From: Waiman Long <llong@redhat.com>
To: "Michal Koutný" <mkoutny@suse.com>,
"Sun Shaojie" <sunshaojie@kylinos.cn>
Cc: llong@redhat.com, cgroups@vger.kernel.org,
chenridong@huaweicloud.com, hannes@cmpxchg.org,
linux-kernel@vger.kernel.org, linux-kselftest@vger.kernel.org,
shuah@kernel.org, tj@kernel.org
Subject: Re: [PATCH v6] cpuset: Avoid invalidating sibling partitions on cpuset.cpus conflict.
Date: Tue, 23 Dec 2025 01:03:42 -0500 [thread overview]
Message-ID: <5b53f9ec-ebd5-4bea-b6a3-ef35a467e96c@redhat.com> (raw)
In-Reply-To: <bzu7va4de6ylaww2xbq67hztyokpui7qm2zcqtiwjlniyvx7dt@wf47lg6etmas>
On 12/22/25 10:26 AM, Michal Koutný wrote:
> Hello Shaojie.
>
> On Mon, Dec 01, 2025 at 05:38:06PM +0800, Sun Shaojie <sunshaojie@kylinos.cn> wrote:
>> Currently, when setting a cpuset's cpuset.cpus to a value that conflicts
>> with its sibling partition, the sibling's partition state becomes invalid.
>> However, this invalidation is often unnecessary.
>>
>> For example: On a machine with 128 CPUs, there are m (m < 128) cpusets
>> under the root cgroup. Each cpuset is used by a single user(user-1 use
>> A1, ... , user-m use Am), and the partition states of these cpusets are
>> configured as follows:
>>
>> root cgroup
>> / / \ \
>> A1 A2 ... An Am
>> (root) (root) ... (root) (root/root invalid/member)
>>
>> Assume that A1 through Am have not set cpuset.cpus.exclusive. When
>> user-m modifies Am's cpuset.cpus to "0-127", it will cause all partition
>> states from A1 to An to change from root to root invalid, as shown
>> below.
>>
>> root cgroup
>> / / \ \
>> A1 A2 ... An Am
>> (root invalid) (root invalid) ... (root invalid) (root invalid/member)
>>
>> This outcome is entirely undeserved for all users from A1 to An.
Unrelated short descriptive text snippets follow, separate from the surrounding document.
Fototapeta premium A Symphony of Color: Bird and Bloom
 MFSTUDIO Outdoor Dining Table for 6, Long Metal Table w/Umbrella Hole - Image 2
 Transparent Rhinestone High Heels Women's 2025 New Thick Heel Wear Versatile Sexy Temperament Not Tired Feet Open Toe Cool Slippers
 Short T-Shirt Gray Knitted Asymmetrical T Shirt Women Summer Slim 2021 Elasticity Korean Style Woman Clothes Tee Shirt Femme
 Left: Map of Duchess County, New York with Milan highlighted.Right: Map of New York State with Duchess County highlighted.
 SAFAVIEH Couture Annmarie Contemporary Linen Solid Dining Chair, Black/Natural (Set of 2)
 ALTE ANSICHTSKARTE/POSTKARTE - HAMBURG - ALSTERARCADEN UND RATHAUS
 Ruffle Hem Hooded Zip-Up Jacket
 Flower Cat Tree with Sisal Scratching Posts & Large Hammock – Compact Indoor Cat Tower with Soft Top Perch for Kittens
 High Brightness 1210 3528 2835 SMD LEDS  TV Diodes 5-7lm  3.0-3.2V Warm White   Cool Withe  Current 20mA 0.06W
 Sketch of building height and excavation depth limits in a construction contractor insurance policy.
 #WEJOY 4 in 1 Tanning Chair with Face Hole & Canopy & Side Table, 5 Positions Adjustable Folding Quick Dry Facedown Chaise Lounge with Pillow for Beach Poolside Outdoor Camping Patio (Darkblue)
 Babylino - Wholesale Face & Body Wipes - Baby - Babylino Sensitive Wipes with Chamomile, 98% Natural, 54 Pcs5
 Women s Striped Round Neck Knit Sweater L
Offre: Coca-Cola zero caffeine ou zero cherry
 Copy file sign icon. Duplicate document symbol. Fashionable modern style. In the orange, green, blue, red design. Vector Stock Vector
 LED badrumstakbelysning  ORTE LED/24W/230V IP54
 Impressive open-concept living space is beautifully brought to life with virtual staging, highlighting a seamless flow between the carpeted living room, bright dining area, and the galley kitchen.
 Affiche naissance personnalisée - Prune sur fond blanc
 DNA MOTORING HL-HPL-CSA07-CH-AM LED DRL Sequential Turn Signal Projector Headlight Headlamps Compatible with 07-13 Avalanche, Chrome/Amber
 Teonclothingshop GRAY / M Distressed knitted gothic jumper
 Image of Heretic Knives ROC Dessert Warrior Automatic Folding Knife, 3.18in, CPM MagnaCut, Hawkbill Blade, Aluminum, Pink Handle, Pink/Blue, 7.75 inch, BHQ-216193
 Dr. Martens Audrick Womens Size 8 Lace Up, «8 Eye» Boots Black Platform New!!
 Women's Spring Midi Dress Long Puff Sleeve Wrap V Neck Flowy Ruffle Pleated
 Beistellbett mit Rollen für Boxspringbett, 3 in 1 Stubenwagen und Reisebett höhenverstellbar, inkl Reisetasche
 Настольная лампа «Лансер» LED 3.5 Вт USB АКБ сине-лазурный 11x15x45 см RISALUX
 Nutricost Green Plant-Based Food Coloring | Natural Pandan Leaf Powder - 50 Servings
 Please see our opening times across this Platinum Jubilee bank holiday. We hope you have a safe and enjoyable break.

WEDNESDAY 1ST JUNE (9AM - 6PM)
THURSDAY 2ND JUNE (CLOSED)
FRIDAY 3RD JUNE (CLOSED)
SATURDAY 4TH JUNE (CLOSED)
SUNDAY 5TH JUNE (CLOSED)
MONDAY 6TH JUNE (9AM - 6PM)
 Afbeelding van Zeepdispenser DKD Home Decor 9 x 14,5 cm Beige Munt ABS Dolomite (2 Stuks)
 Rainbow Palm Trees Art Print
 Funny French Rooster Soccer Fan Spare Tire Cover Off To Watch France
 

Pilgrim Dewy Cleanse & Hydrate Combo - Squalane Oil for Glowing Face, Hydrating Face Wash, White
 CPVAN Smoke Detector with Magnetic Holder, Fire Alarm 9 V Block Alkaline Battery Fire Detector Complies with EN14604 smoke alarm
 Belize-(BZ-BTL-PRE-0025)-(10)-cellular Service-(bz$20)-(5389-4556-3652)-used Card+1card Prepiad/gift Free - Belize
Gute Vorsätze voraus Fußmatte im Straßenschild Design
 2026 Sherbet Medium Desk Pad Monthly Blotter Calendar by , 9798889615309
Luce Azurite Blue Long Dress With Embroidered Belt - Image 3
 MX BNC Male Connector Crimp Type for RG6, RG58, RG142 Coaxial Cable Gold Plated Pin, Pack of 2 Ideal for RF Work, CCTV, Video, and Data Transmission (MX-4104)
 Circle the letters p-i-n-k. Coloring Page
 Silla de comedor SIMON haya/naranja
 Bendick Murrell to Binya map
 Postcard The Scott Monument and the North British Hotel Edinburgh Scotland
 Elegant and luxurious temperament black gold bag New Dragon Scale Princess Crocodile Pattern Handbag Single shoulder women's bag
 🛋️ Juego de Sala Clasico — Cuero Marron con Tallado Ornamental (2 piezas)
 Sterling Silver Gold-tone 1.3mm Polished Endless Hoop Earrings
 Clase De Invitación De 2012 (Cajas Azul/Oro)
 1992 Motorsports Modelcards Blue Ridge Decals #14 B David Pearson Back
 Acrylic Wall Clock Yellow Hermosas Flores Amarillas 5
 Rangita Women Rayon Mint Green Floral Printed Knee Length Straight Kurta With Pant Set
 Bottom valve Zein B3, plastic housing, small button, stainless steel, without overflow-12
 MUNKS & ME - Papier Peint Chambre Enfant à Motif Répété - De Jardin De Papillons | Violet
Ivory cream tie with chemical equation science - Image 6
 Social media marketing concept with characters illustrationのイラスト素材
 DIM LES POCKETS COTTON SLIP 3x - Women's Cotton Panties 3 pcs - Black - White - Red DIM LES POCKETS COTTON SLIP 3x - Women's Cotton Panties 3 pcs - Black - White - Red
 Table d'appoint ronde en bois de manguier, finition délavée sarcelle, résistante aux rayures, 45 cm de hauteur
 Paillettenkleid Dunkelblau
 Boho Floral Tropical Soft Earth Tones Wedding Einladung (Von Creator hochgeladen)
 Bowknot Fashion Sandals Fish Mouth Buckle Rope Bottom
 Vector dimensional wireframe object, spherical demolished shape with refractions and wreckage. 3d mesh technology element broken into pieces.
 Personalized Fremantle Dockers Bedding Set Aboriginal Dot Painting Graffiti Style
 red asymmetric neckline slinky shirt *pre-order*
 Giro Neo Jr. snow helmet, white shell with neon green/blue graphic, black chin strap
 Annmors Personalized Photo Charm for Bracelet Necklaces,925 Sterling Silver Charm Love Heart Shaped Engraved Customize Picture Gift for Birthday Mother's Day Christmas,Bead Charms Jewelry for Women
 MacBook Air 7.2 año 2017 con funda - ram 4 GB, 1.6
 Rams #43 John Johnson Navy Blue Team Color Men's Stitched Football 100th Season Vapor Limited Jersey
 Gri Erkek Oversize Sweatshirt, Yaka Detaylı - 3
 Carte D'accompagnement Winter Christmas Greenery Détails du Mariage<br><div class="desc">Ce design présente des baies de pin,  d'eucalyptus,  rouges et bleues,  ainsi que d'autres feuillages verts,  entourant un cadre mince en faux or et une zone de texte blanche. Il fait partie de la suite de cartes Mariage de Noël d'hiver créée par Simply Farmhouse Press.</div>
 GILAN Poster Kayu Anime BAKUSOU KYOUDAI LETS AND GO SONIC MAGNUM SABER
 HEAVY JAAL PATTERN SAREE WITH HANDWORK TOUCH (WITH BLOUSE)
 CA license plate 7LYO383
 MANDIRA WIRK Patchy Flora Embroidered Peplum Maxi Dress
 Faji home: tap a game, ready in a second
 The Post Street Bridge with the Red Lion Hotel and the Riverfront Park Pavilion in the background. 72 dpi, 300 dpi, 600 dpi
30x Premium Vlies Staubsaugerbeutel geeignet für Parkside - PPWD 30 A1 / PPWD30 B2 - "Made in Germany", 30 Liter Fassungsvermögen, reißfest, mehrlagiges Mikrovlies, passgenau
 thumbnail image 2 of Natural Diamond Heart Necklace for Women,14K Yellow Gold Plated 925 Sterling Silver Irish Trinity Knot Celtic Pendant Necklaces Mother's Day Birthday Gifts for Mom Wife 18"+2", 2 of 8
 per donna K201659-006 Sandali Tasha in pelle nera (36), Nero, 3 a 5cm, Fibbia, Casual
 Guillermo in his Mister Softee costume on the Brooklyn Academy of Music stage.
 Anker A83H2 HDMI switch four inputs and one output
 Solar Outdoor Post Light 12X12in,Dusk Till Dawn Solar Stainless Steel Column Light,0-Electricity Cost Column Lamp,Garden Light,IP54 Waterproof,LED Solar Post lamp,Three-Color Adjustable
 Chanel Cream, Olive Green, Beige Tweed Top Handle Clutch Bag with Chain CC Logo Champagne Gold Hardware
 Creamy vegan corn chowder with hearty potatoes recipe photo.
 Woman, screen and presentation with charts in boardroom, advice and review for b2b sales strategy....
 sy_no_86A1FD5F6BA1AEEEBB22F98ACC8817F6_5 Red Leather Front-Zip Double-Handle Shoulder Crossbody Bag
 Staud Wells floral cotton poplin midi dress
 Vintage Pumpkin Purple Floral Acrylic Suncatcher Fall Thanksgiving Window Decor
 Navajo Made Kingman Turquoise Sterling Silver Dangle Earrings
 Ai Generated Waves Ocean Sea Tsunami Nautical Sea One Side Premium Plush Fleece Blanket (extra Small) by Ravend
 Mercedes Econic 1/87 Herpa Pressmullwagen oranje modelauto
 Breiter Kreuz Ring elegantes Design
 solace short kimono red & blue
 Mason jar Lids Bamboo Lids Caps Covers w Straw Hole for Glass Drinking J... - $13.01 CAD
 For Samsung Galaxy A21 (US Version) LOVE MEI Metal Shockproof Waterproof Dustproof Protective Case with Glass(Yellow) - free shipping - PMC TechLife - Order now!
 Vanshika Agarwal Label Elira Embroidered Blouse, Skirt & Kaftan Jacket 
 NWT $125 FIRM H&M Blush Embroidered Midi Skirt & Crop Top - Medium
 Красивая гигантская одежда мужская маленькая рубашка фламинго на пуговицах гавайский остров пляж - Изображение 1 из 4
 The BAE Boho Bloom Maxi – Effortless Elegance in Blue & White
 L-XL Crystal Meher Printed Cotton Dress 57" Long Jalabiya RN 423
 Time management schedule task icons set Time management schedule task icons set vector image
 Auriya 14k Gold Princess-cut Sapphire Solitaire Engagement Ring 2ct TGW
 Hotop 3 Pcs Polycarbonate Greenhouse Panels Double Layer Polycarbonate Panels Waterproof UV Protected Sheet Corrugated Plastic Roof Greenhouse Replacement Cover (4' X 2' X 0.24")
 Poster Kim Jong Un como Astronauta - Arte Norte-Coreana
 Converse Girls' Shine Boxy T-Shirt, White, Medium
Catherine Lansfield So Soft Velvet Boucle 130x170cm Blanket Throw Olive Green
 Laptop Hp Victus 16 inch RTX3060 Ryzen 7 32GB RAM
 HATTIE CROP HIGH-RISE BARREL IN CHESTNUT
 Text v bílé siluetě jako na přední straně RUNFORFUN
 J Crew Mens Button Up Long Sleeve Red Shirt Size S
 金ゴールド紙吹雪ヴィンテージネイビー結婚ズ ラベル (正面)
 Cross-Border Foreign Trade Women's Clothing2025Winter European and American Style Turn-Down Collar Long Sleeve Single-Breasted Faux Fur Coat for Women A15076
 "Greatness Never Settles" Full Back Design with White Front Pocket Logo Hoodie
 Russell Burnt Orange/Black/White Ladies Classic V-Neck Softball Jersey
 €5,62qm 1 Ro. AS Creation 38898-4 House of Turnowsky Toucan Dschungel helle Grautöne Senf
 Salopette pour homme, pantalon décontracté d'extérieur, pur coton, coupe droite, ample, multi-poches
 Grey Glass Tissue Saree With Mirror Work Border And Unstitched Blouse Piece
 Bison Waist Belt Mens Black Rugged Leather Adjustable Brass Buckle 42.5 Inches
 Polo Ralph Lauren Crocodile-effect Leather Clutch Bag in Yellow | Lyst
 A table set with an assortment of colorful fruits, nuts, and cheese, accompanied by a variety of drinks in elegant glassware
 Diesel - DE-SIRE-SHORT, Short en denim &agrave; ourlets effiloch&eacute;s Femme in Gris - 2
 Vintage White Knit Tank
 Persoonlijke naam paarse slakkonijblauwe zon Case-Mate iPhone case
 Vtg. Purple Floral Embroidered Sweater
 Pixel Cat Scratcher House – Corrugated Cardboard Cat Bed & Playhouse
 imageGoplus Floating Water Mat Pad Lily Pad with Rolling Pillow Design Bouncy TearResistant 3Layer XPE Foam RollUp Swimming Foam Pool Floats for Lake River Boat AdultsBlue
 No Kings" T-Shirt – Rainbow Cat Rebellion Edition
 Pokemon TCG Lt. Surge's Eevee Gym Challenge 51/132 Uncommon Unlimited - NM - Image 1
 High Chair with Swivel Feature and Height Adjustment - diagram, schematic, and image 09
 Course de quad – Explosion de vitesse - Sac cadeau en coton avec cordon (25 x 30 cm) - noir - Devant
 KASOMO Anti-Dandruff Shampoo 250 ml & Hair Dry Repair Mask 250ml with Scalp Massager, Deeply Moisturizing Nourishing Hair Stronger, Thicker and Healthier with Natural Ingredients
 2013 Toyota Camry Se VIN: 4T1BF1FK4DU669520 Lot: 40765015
> s/cpuset.cpus/memory.max/
>
> When the permissions are such that the last (any) sibling can come and
> claim so much to cause overcommit, then it can set up large limit and
> (potentially) reclaim from others.
>
> s/cpuset.cpus/memory.min/
>
> Here is the overcommit approached by recalculating effective values of
> memory.min, again one sibling can skew toward itself and reduce every
> other's effective value.
>
> Above are not exact analogies because first of them is Limits, the
> second is Protections and cpusets are Allocations (refering to Resource
> Distribution Models from Documentation/admin-guide/cgroup-v2.rst).
>
> But the advice to get some guarantees would be same in all cases -- if
> some guarantees are expected, the permissions (of respective cgroup
> attributes) should be configured so that it decouples the owner of the
> cgroup from the owner of the resource (i.e. Ai/cpuset.cpus belongs to
> root or there's a middle level cgroup that'd cap each of the siblings
> individually).
>
From sibling point of view, CPUs in partitions are exclusive. A cpuset
either have all the requested CPUs to form a partition (assuming that at
least one can be granted from the parent cpuset) or it doesn't have all
of them and fails to form a valid partition. It is different from memory
that a cgroup can have a reduced amount of memory than requested and can
still work fine.
Anyway, I consider using cpuset.cpus to form a partition is legacy and
is supported for backward compatibility reason. Now the proper way to
form a partition is to use cpuset.cpus.exclusive, the setting of it can
fail if it conflicts with siblings.
By using cpuset.cpus only to form partitions, the cpuset.cpus value will
be treated the same as cpuset.cpus.exclusive if a valid partition is
formed. In that sense, the examples listed in the patch will have the
same result if cpuset.cpu.exclusive is used instead of cpuset.cpus. The
difference is that writing to the cpuset.cpus.exclusive will fail
instead of forming an invalid partition in the case of cpust.cpus.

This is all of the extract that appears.